Exercise goal: Without copying any pictures, restate exactly the lines from the start of the records through the line containing "Wide Needle Rib Tee".
** Opening Data to use block **
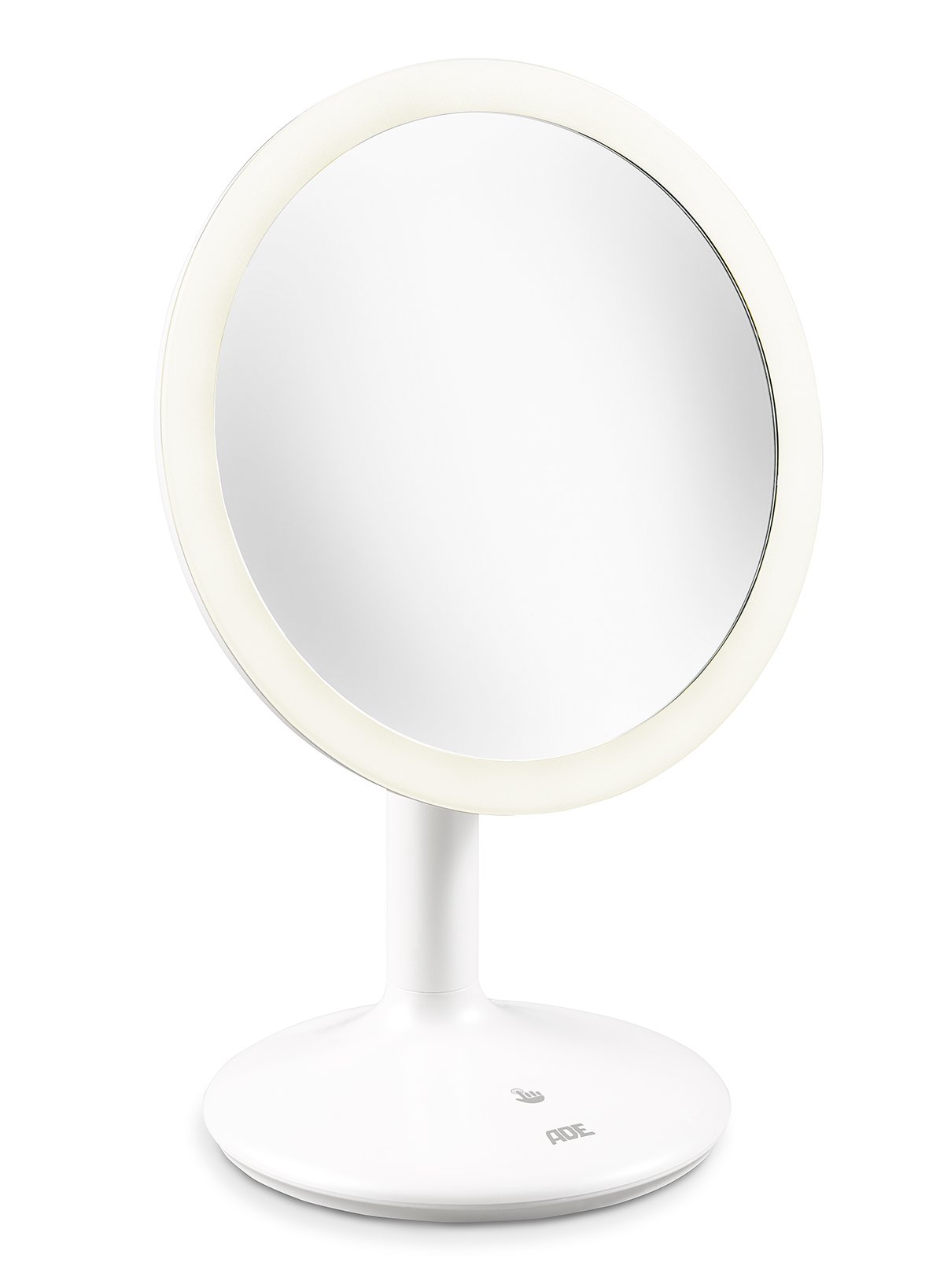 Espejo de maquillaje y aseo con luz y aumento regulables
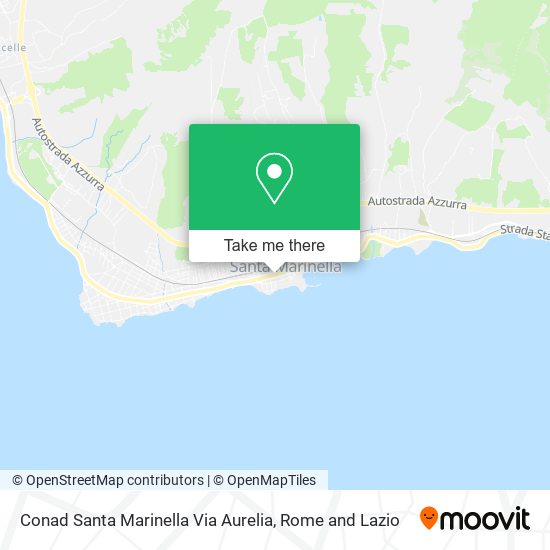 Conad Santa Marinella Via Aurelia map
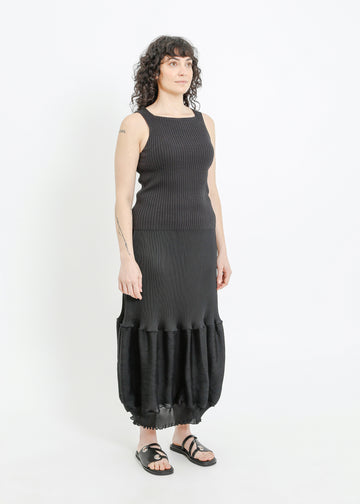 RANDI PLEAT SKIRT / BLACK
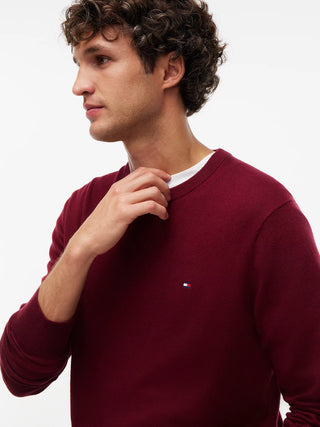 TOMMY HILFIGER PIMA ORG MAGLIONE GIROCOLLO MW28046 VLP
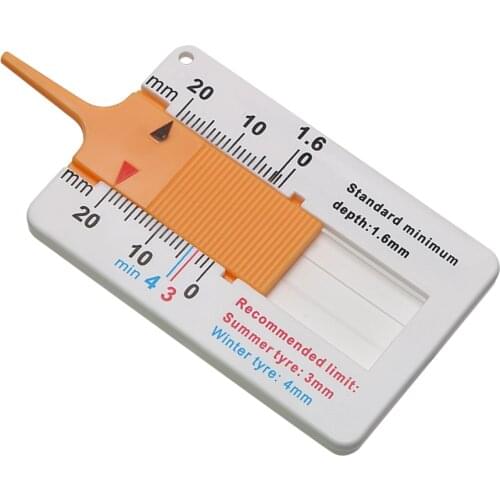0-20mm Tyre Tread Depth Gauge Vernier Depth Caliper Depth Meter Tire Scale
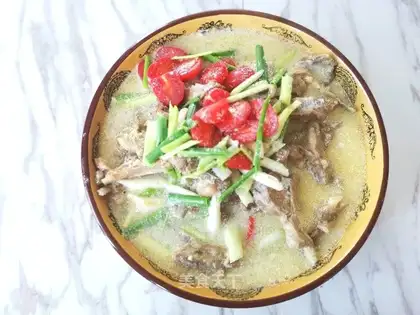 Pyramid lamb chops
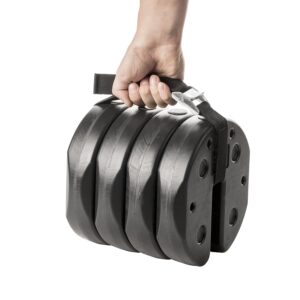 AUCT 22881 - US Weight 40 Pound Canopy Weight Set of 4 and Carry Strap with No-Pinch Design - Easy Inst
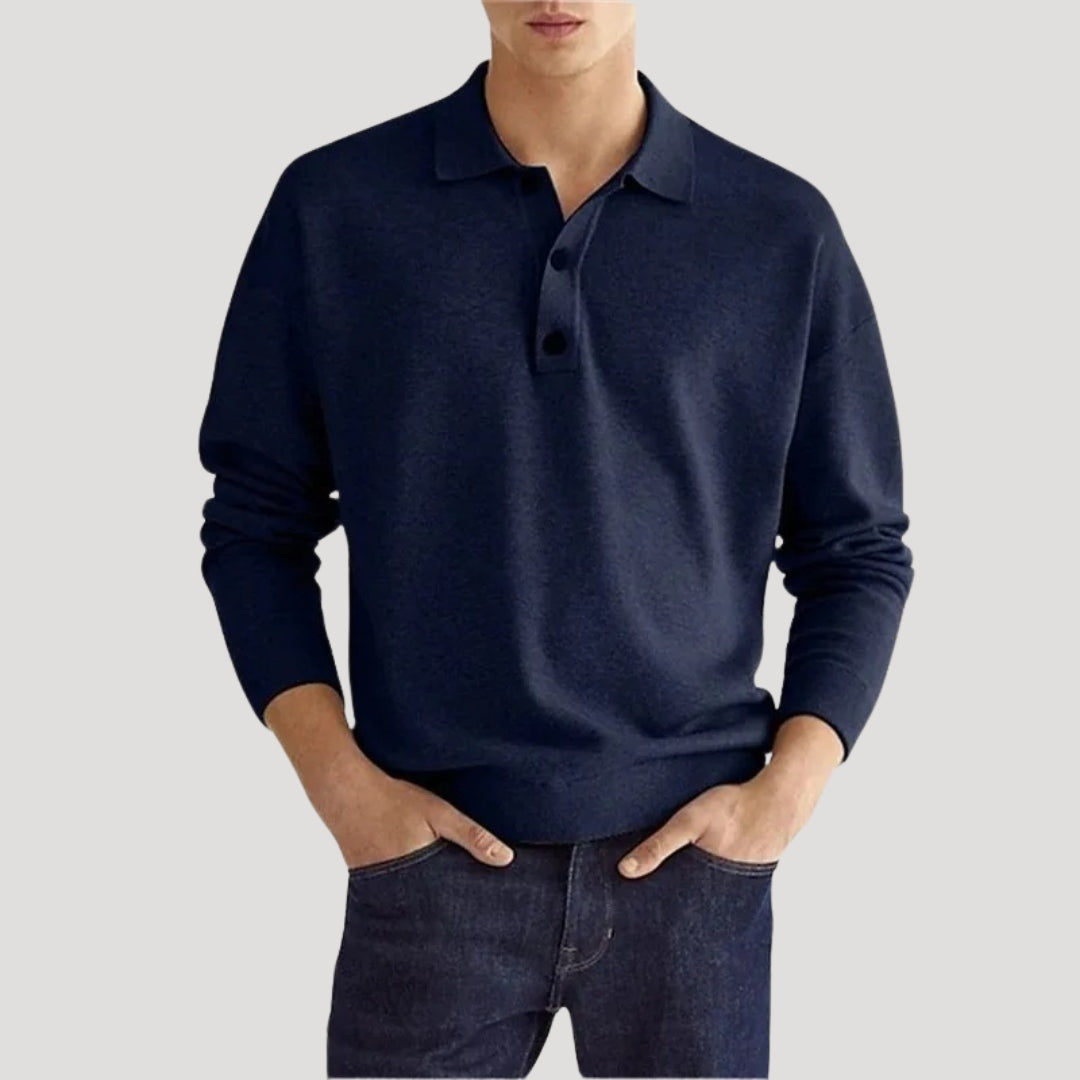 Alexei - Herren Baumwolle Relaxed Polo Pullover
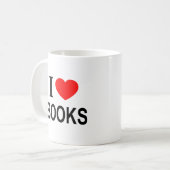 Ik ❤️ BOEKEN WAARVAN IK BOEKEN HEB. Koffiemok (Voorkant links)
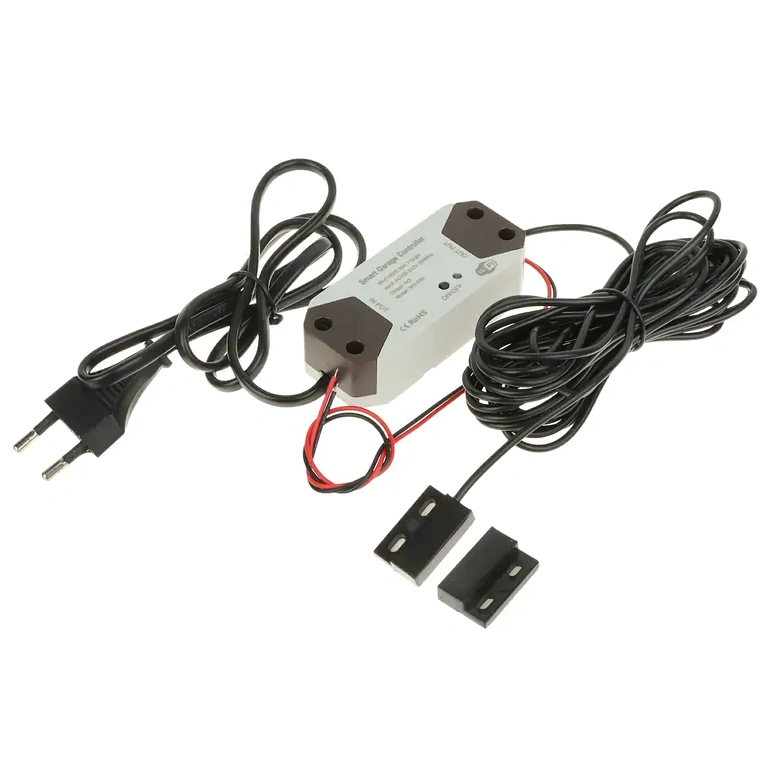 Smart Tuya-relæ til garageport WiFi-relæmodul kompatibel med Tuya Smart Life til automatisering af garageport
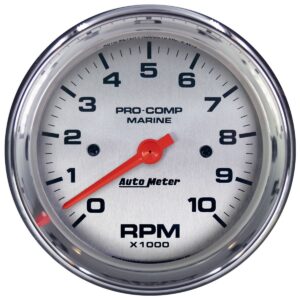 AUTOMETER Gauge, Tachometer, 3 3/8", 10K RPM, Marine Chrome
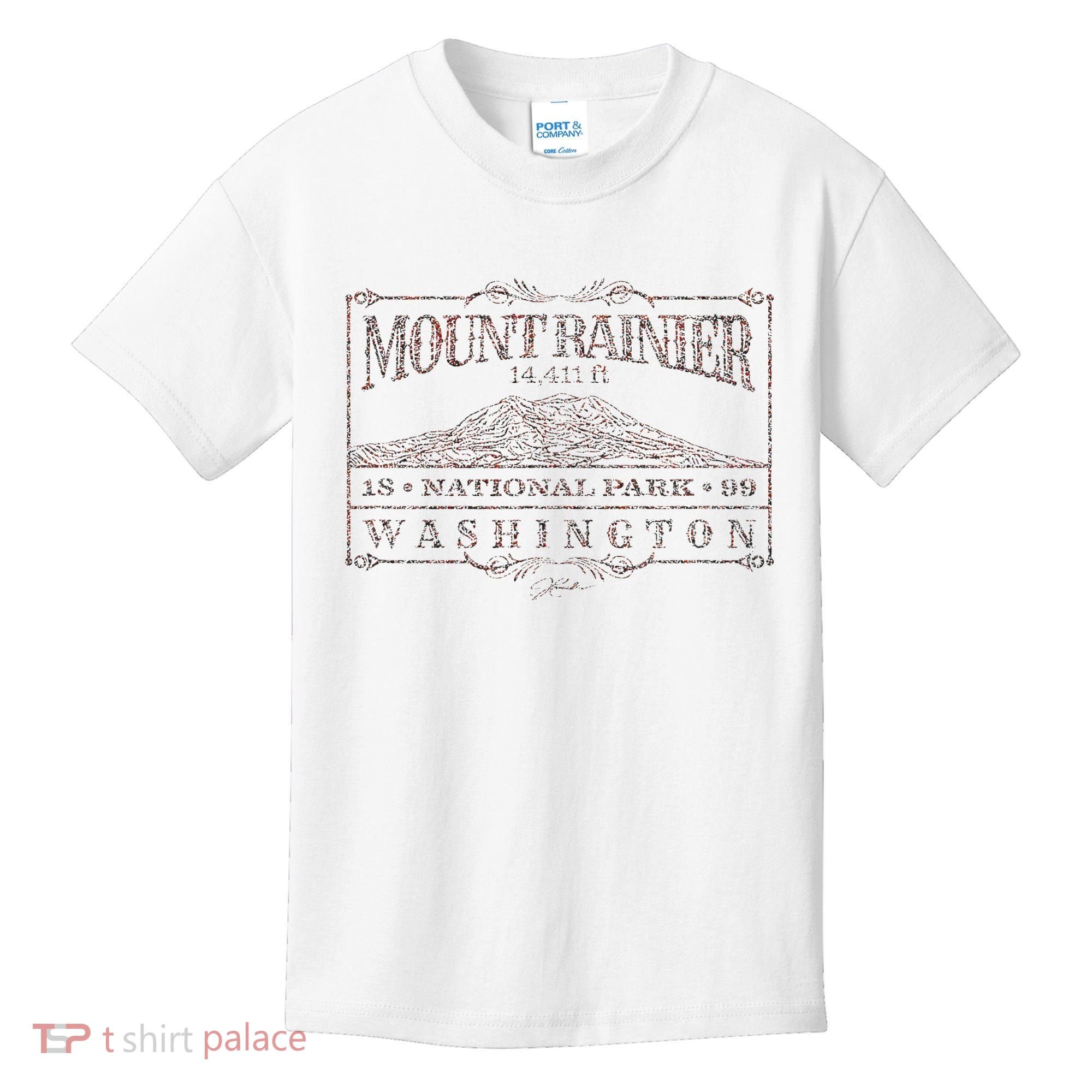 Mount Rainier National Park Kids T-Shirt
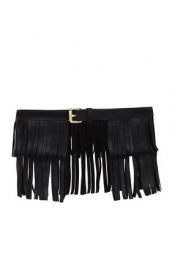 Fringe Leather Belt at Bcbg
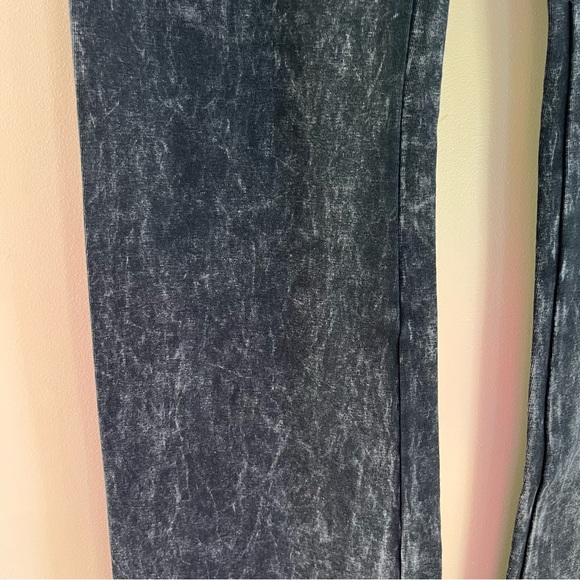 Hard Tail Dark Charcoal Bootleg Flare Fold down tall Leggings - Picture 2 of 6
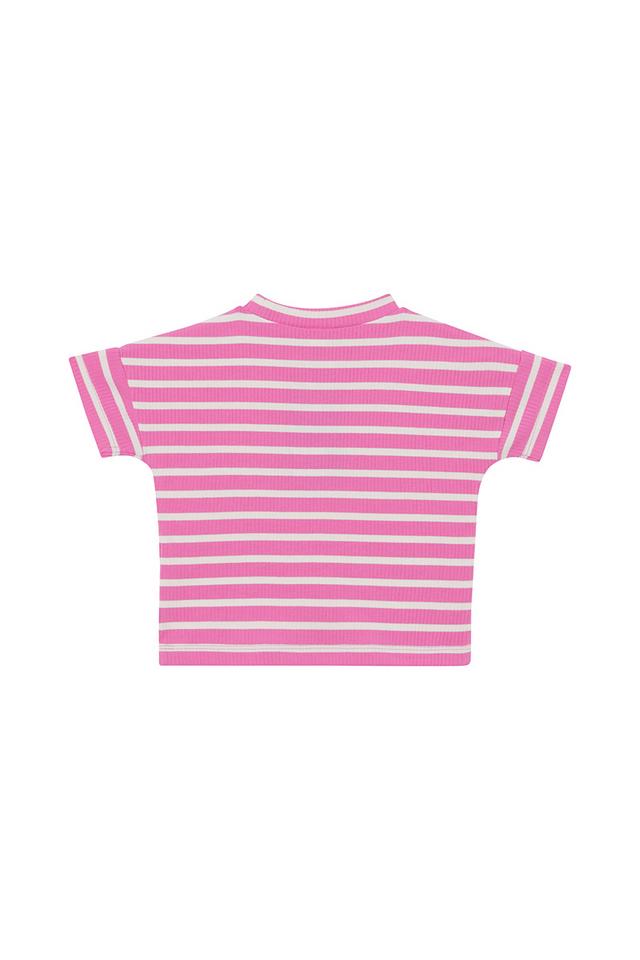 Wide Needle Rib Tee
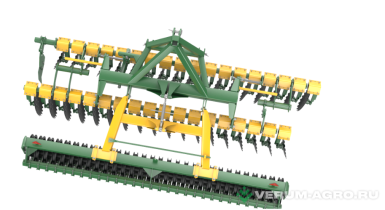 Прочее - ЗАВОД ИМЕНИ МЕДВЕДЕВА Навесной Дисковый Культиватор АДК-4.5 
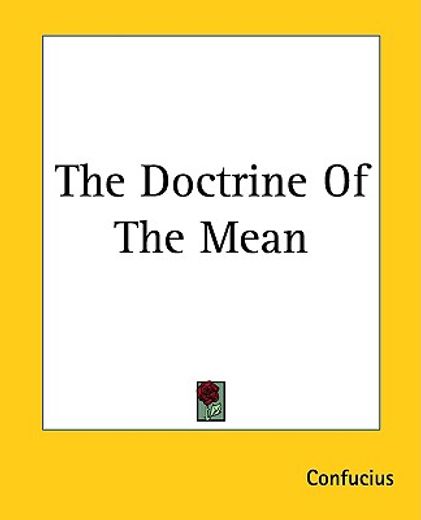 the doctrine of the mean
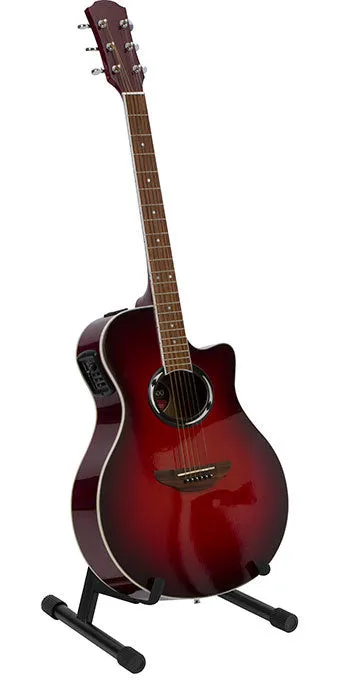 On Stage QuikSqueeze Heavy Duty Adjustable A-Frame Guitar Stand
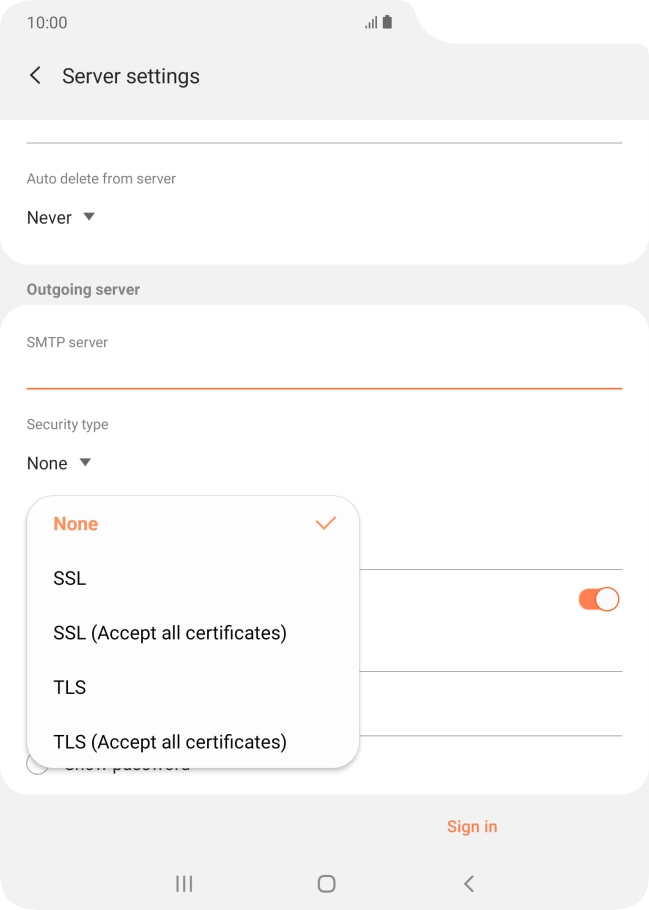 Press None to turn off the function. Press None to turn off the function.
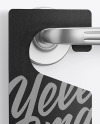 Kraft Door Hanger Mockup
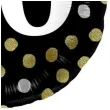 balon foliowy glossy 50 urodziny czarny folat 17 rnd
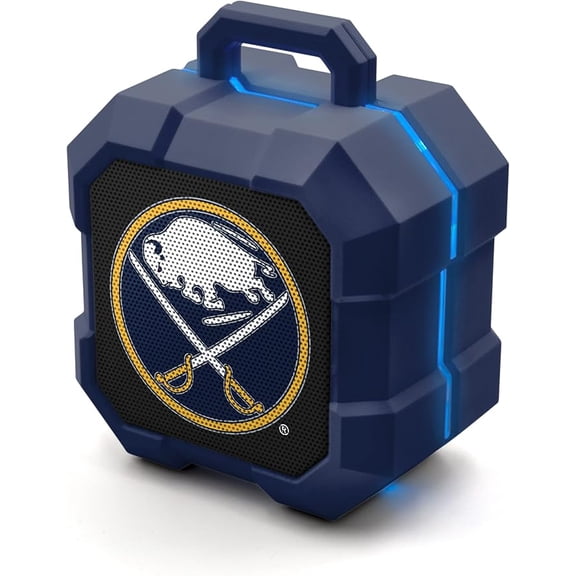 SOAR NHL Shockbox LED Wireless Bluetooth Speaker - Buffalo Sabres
** Closing Data to use block **
Solution:
 Espejo de maquillaje y aseo con luz y aumento regulables
 Conad Santa Marinella Via Aurelia map
 RANDI PLEAT SKIRT / BLACK
 TOMMY HILFIGER PIMA ORG MAGLIONE GIROCOLLO MW28046 VLP
0-20mm Tyre Tread Depth Gauge Vernier Depth Caliper Depth Meter Tire Scale
 Pyramid lamb chops
 AUCT 22881 - US Weight 40 Pound Canopy Weight Set of 4 and Carry Strap with No-Pinch Design - Easy Inst
 Alexei - Herren Baumwolle Relaxed Polo Pullover
 Ik ❤️ BOEKEN WAARVAN IK BOEKEN HEB. Koffiemok (Voorkant links)
 Smart Tuya-relæ til garageport WiFi-relæmodul kompatibel med Tuya Smart Life til automatisering af garageport
 AUTOMETER Gauge, Tachometer, 3 3/8", 10K RPM, Marine Chrome
 Mount Rainier National Park Kids T-Shirt
 Fringe Leather Belt at Bcbg
 Hard Tail Dark Charcoal Bootleg Flare Fold down tall Leggings - Picture 2 of 6
 Wide Needle Rib Tee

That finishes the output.